Protecting talloced memory shared by multiple threads against writes

In our application (a network daemon), there are roughly three uses of heap allocated memory.

Memory allocated on startup to hold the result of parsing the application's global configuration.
Memory allocated for thread-specific data as threads are created (and freed as they're destroyed).
Memory allocated when servicing requests and bound to the lifetime of the request.

We use talloc to manage memory in all three cases.

We've recently run into some memory corruption issues where bad pointer values have meant one or more of the threads are writing to the global configuration and causing crashes.

Because of the way the application is structured, nothing should ever write to the memory allocated in case 1) after the application starts processing requests.

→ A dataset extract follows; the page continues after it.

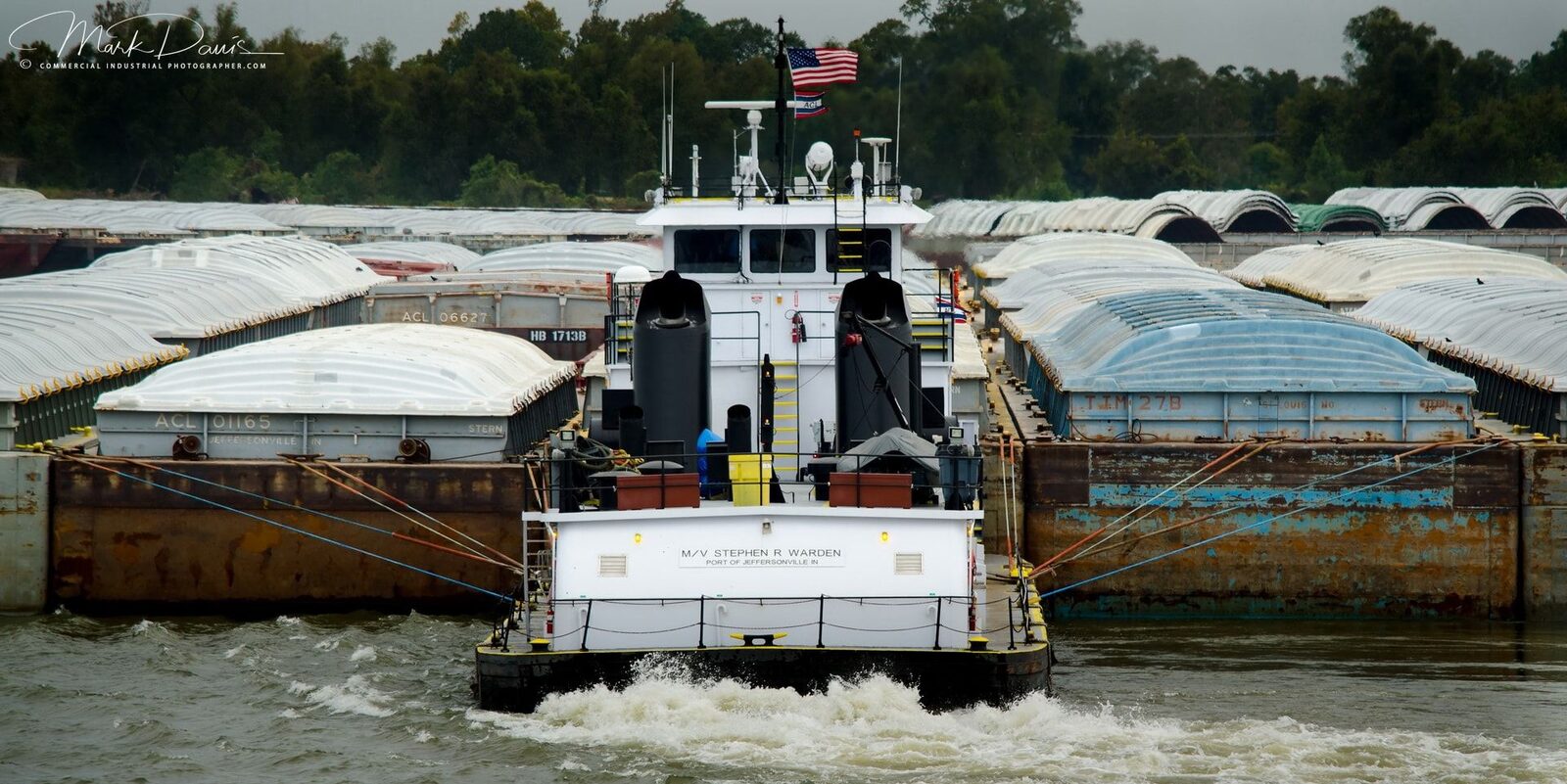 Towboat pushing barges on the Mississippi River, secure maritime access site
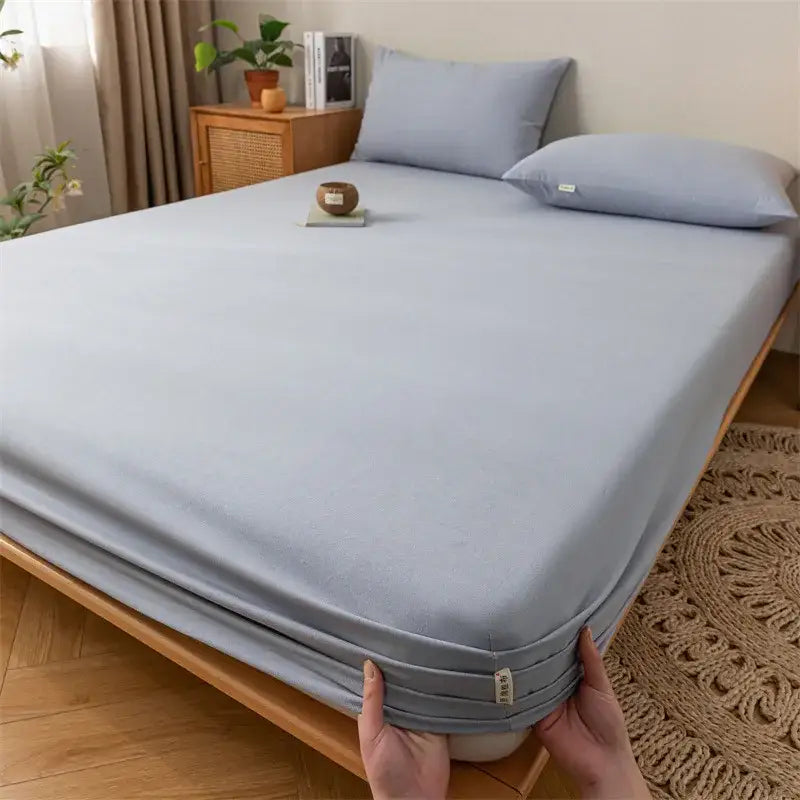 Light blue fitted sheet with elasticized edges and fabric tag in gray red and black plaid cotton sheet set by decorbites coarse cloth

Is there a way of marking the memory allocated in case 1) as read-only?

Solution

In the POSIX specification there's a function, mprotect. mprotect allows the permissions (read/write/execute) on individual pages of memory to be changed.

The problem with using mprotect to mark up parts of the heap as read-only, is the fact that the highest granularity is a single page, which is usually 4k (dependent on OS/architecture). Padding all heap allocated structures to a multiple of 4k would cause massive memory bloat, boo.

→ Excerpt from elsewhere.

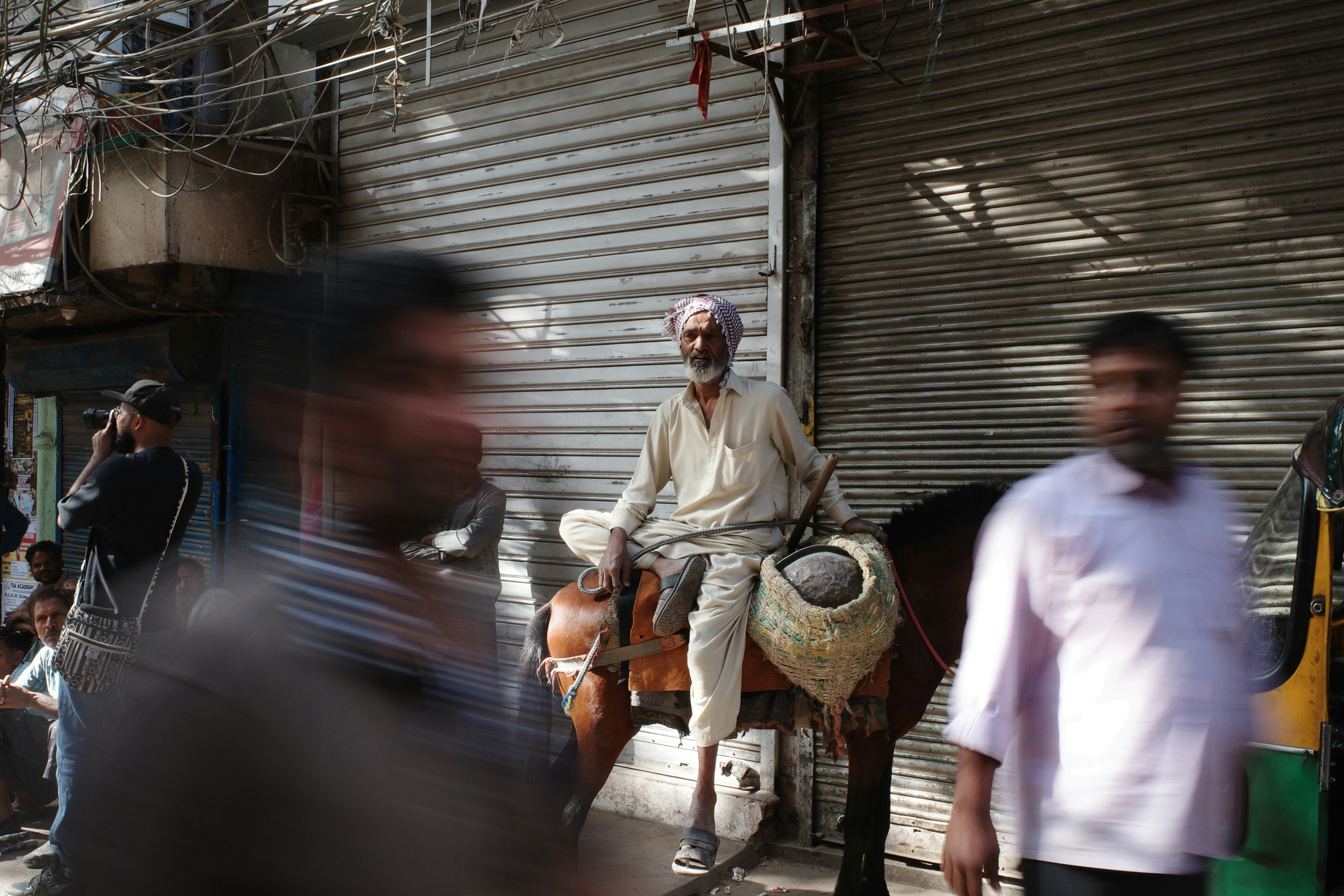 Man on horseback in a busy street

So in order to use mprotect for case 1) we need to get it all the data we want to protect in one contiguous area of memory.

Talloc can help out here. talloc pools are a type of slab allocation that can give large performance gains when used correctly, and (if of sufficient size), allow all allocations within the pool to be done in a single contiguous memory area.

Great! Problem solved, allocate a talloc memory pool, do all the instantiation and parsing work, use mprotect to mark the pool as read-only, done! Unfortunately, it's not quite that simple...

There are three additional issues to solve:

mprotect needs memory to be a multiple of the page size.
mprotect needs the start address to be page aligned.
We don't know how much memory to allocate for the pool.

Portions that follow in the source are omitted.